• ENTRIES PROVIDED:
-- Opening Marker --
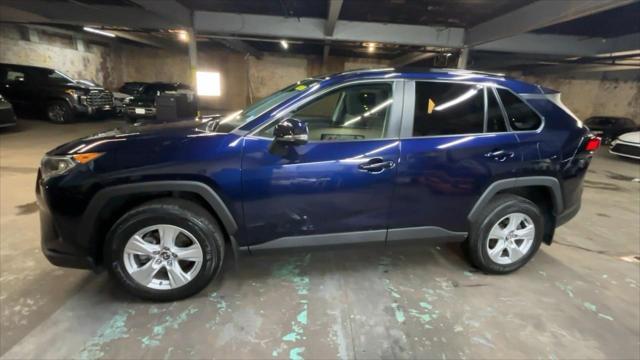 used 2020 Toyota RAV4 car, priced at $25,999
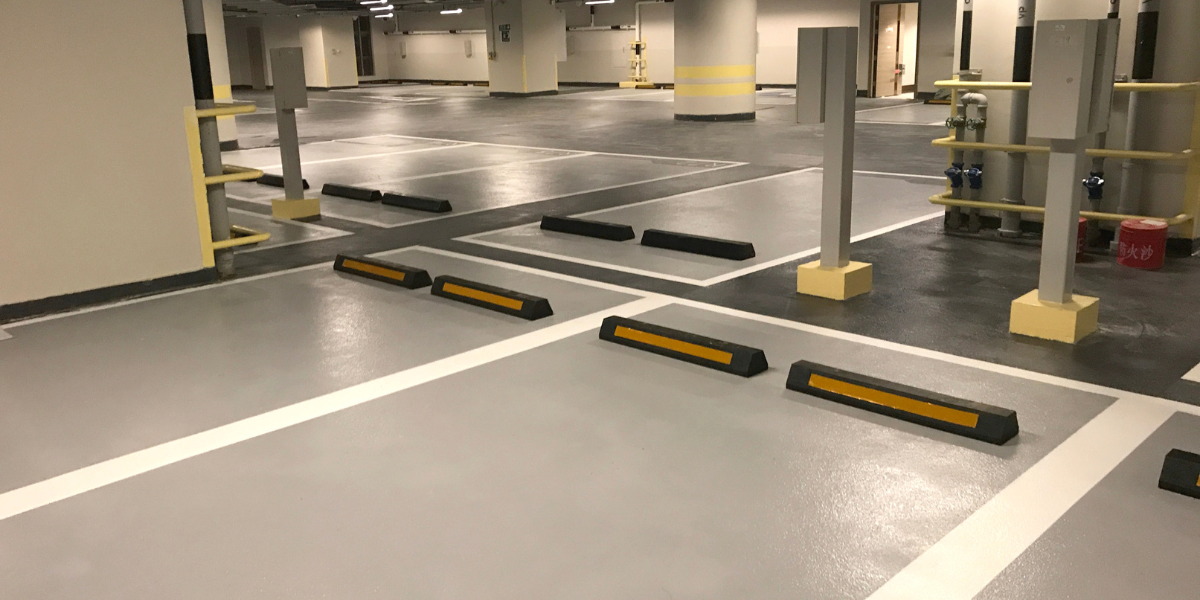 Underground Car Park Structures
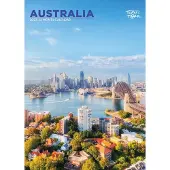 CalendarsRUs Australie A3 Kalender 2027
-- Closing Marker --
-- Opening Marker --
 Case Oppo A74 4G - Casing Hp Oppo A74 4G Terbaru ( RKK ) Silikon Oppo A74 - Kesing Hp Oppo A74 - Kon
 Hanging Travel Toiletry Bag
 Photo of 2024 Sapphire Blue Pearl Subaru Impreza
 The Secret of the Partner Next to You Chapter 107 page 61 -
-- Closing Marker --
• PROBLEM REQUIREMENTS: From the records above, copy only the lines running from the line holding "used 2020 Toyota RAV4 car, priced at $25,999" through the line holding "CalendarsRUs Australie A3 Kalender 2027", with no pictures.

• THE COMPLETED TASK:
 used 2020 Toyota RAV4 car, priced at $25,999
 Underground Car Park Structures
 CalendarsRUs Australie A3 Kalender 2027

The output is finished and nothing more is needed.